E, no entanto, a monitorização dos recursos hídricos que são extraídos “é feita pelas pessoas que possuem os furos”, assinalando que os meios disponíveis na administração pública para fazer o acompanhamento pós avaliação ambiental são insuficientes. “Nem sequer há dinheiro para pagar a deslocação dos técnicos ao terreno o que revela a fragilidade do sistema que temos” acentua o investigador.

Confrontado com o teor das afirmações proferidas por Manuel Pinheiro, o director regional de Agricultura e Pescas do Alentejo, José Godinho Calado, considerou que “o estudo apresentado por Manuel Duarte Pinheiro é correcto”, mas justificava um reparo: é verdade que podemos destinar a água para o consumo de 100 mil pessoas, mas depois não temos alimentos. Indo mais longe na sua análise em tempo de escassez de água, Godinho Calado explica: “Eu não tenho de ter água só para a população. Tenho de ter recursos hídricos para produzir alimentos para as populações”. E recorre a um exemplo pessoal. “Ainda hoje não bebi água, mas já ingeri duas refeições...”

Face aos alertas avançados por Manuel Pinheiro, o director regional acredita que o consumo de água em Alcácer “não será problemática fase aos empreendimentos que existem”.

O mesmo ponto de vista é partilhado por outro dos participantes na audição: o director da Administração da Região Hidrográfica do Alentejo/Agência Portuguesa do Ambiente, André Matoso. “Todos temos a mesma preocupação revelada no estudo, mas corre-se o risco de nos deixar alarmados sobre o consumo de recursos hídricos no concelho de Alcácer do Sal”, sustenta. Para dar suporte à sua afirmação, diz que em Alcácer do Sal a disponibilidade hídrica subterrânea é 85 hectómetros cúbicos (hm3).

“Há água suficiente”

Presidente da Câmara de Alcácer do Sal do Sal, Vítor Proença vinha munido de um documento da empresa Águas Públicas do Alentejo onde se garante que, de “uma forma geral, não são verificados rebaixamentos nos aquíferos” destinados ao consumo humano. Contrariando o panorama crítico apresentado por Manuel Pinheiro, o autarca garante que “há água suficiente naquela zona e até para mais produções e para novas explorações”

Referindo-se aos terrenos alienados à Rede Natura 2000 e agora ocupados por culturas intensivas, Vítor Proença recorda que o território era preenchido por “terrenos de charneca e de pântano” que foi transformado ao longo de décadas numa zona florestal e agro-florestal que “permite usos agrícolas de forma condicionada, como tem acontecido” defende.

A Rede Natura 2000 na Comporta/Galé estende-se por 32 mil hectares, lembra o presidente da Zero, Francisco Ferreira, convidado a participar na audição da comissão parlamentar do Ambiente.
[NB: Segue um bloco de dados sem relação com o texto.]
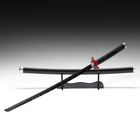 Макет оружия «Сувенирная катана на подставке. Кеджу», 104 см, клинок 68 см, чёрная - Фото 1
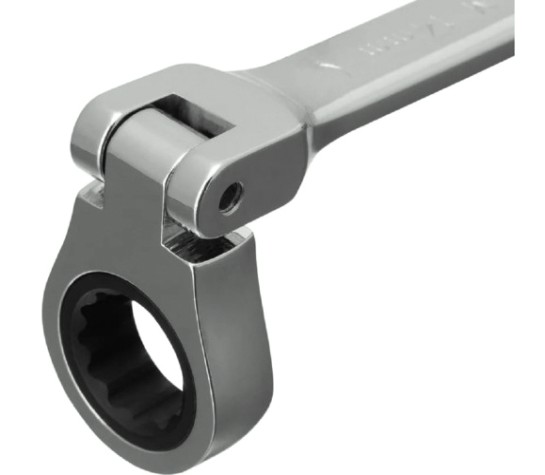 Ключ комбинированный трещоточный MATRIX 14866 14мм, CrV шарнирный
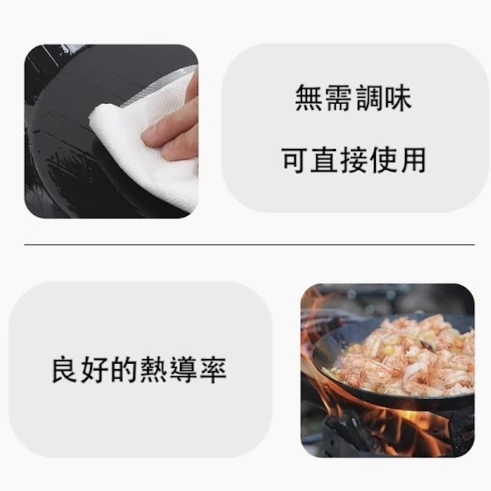 800°C 可拆式手把長柄平底鐵鍋 28cm【綠色工場】鑄鐵鍋 煎鍋 鐵鍋 平底鍋 烤盤 單柄煎鍋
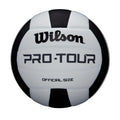 WILSON Pro Tour Indoor Volleyball  Black/White 25.59in  26.38
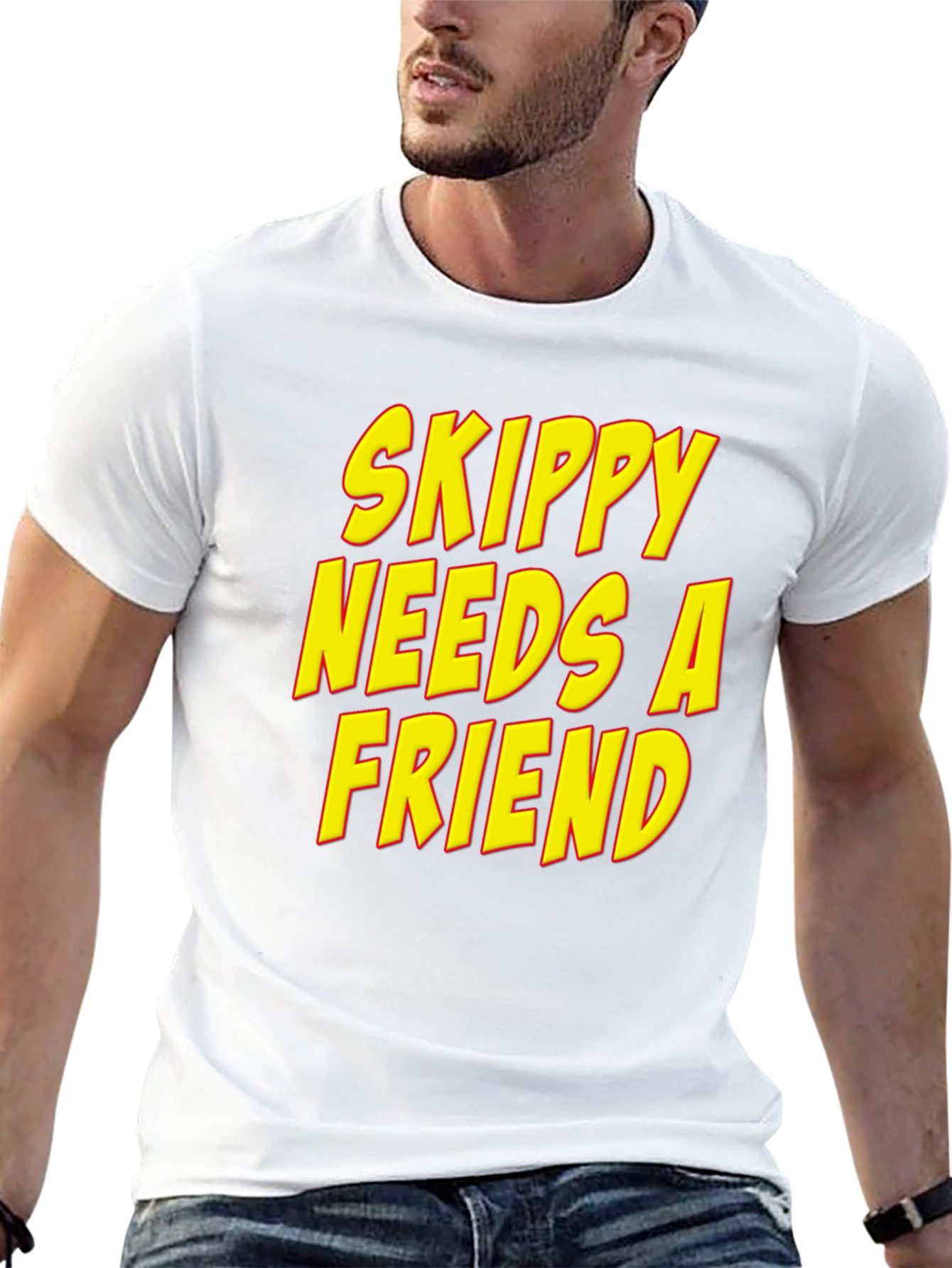 Skippy Needs A Friend Graphic T-Shirt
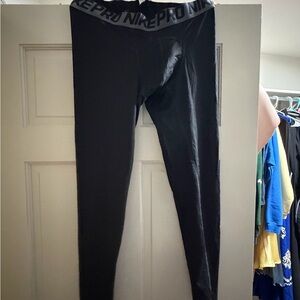 Nike Mens Pro Black Leggings Size L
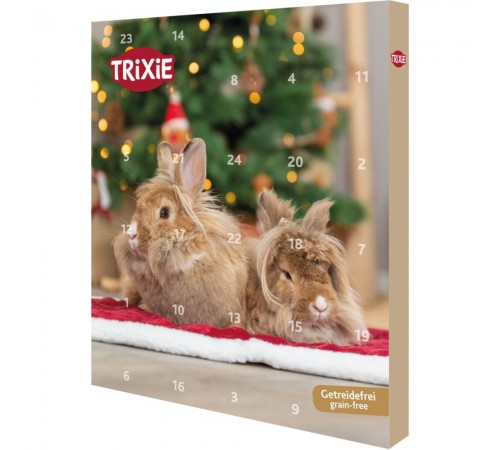Адвент календар для гризунів Trixie з ласощами всередині 30 х 34 х 3,5 см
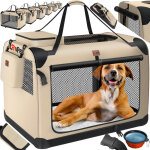 Bote pour chien bote de transport pour chien pliable avec cuelle sac de transport bote de transport ...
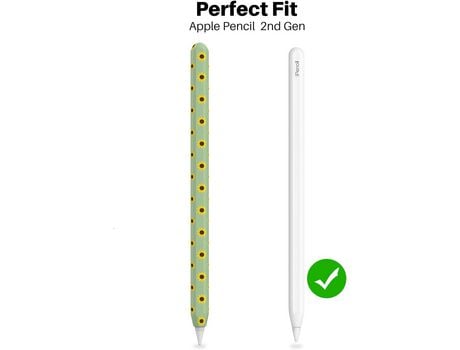 Estuche Girasol para Apple Pencil II Estuche Silicona Estuche Accesorios de Cuero
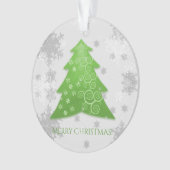 Grüner Weihnachtsbaum Ornament (Vorderseite)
Os projectos agrícolas de culturas intensivas vieram “desvirtuar os objectivos da conservação da natureza, numa área que ainda não tem plano de gestão”. E apesar de violarem a legislação comunitária e europeia e nacional, “cerca de 6000 hectares de áreas protegidas estão ocupados com produção agrícola e projectos turísticos”, conclui o dirigente ambientalista.

Em Málaga, refere o jornal espanhol El País, nove em cada 10 explorações de abacate e manga sofreram perdas devido à seca e à falta de água para a rega. A última campanha a produção diminuiu 80%, forçando alguns agricultores a abandonar este tipo de culturas.

O PÚBLICO colocou um conjunto de questões à APA, à Câmara de Alcácer do Sal e às empresas Aquaterra, Granfer e Logofruits, mas até ao fecho da edição não houve reposta.